| Activity |
In the listing that follows, find the line with "Used 2022 Jeep", then copy exactly from it through the line with "1 quarto, Porto Porto 100311681", leaving out every picture.

| Data extracts |
----

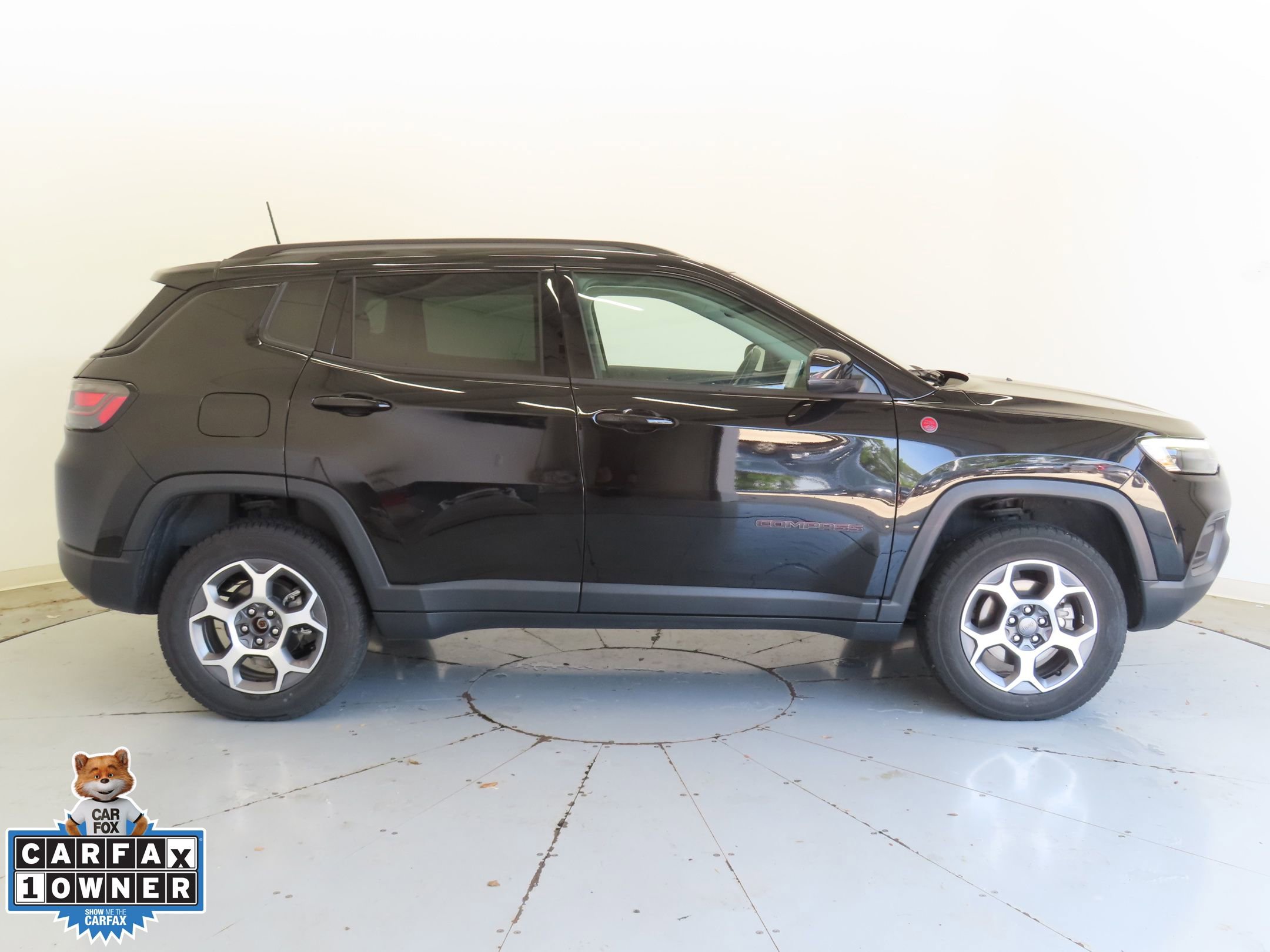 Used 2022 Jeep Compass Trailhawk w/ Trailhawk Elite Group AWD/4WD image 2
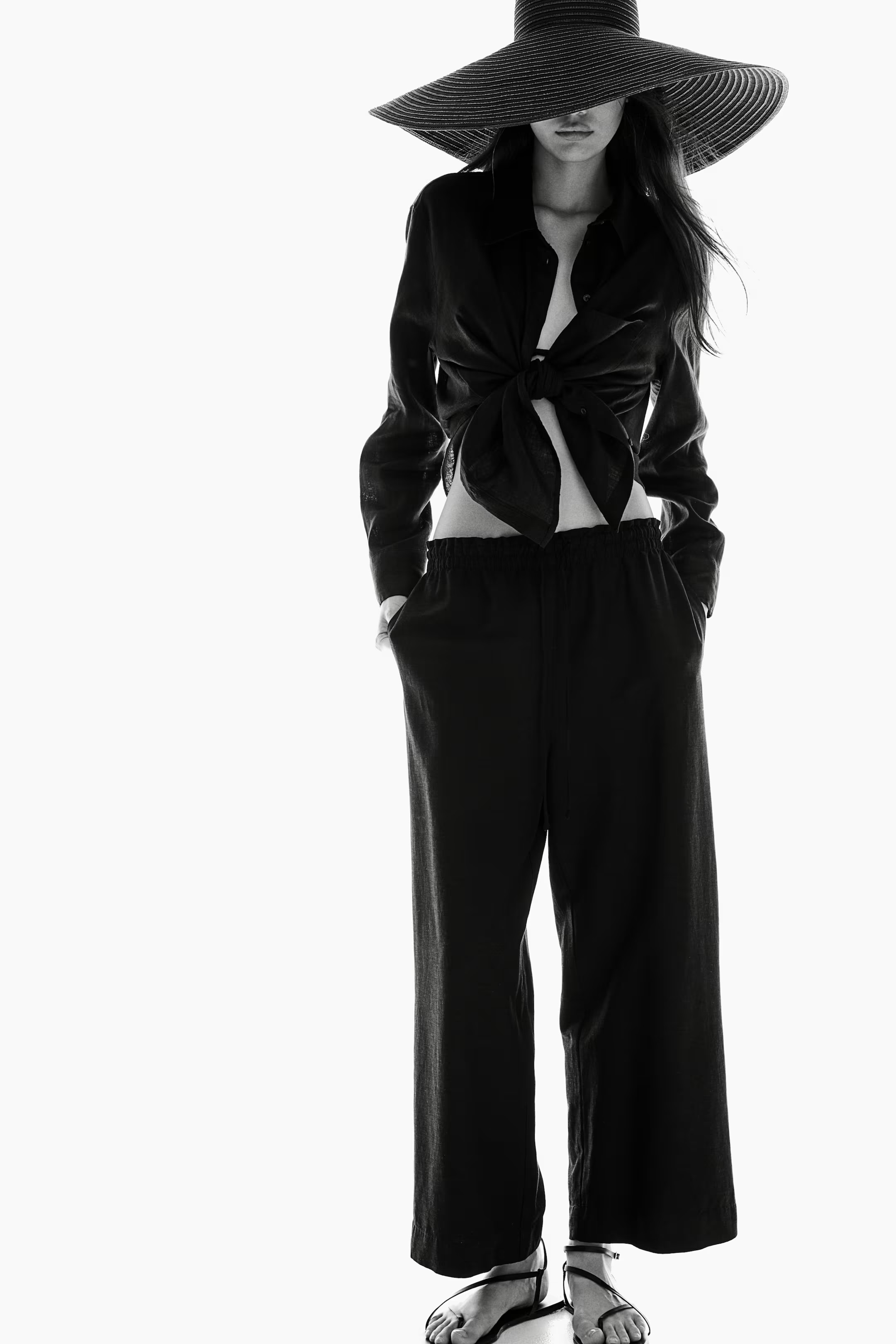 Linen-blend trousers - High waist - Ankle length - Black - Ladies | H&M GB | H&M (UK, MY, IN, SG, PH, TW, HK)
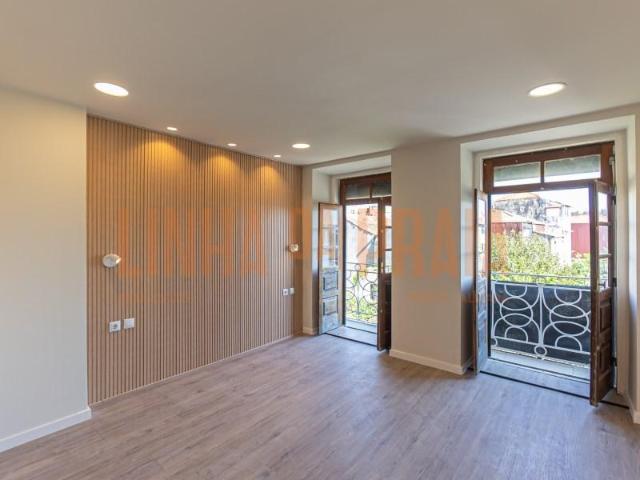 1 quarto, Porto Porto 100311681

----

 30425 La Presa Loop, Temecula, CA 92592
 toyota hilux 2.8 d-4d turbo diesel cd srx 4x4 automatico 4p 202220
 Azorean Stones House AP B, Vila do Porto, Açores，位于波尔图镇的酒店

----

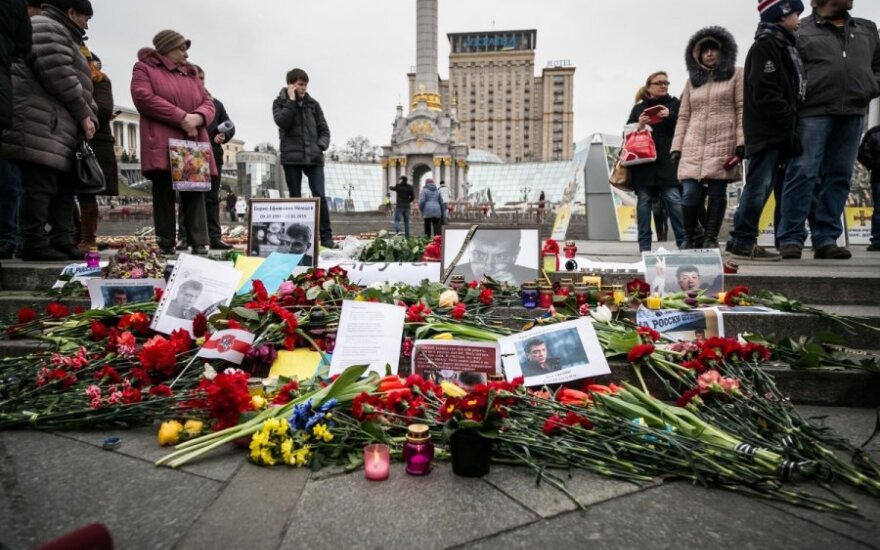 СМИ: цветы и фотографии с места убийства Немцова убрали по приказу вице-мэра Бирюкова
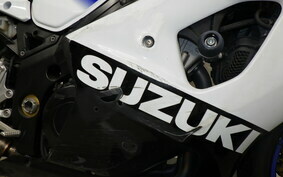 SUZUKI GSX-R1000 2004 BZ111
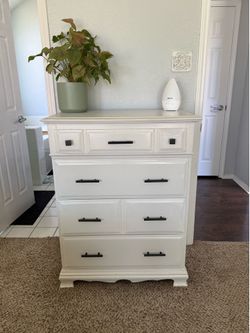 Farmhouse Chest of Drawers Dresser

----

| Solution to this problem |
 Used 2022 Jeep Compass Trailhawk w/ Trailhawk Elite Group AWD/4WD image 2
 Linen-blend trousers - High waist - Ankle length - Black - Ladies | H&M GB | H&M (UK, MY, IN, SG, PH, TW, HK)
 1 quarto, Porto Porto 100311681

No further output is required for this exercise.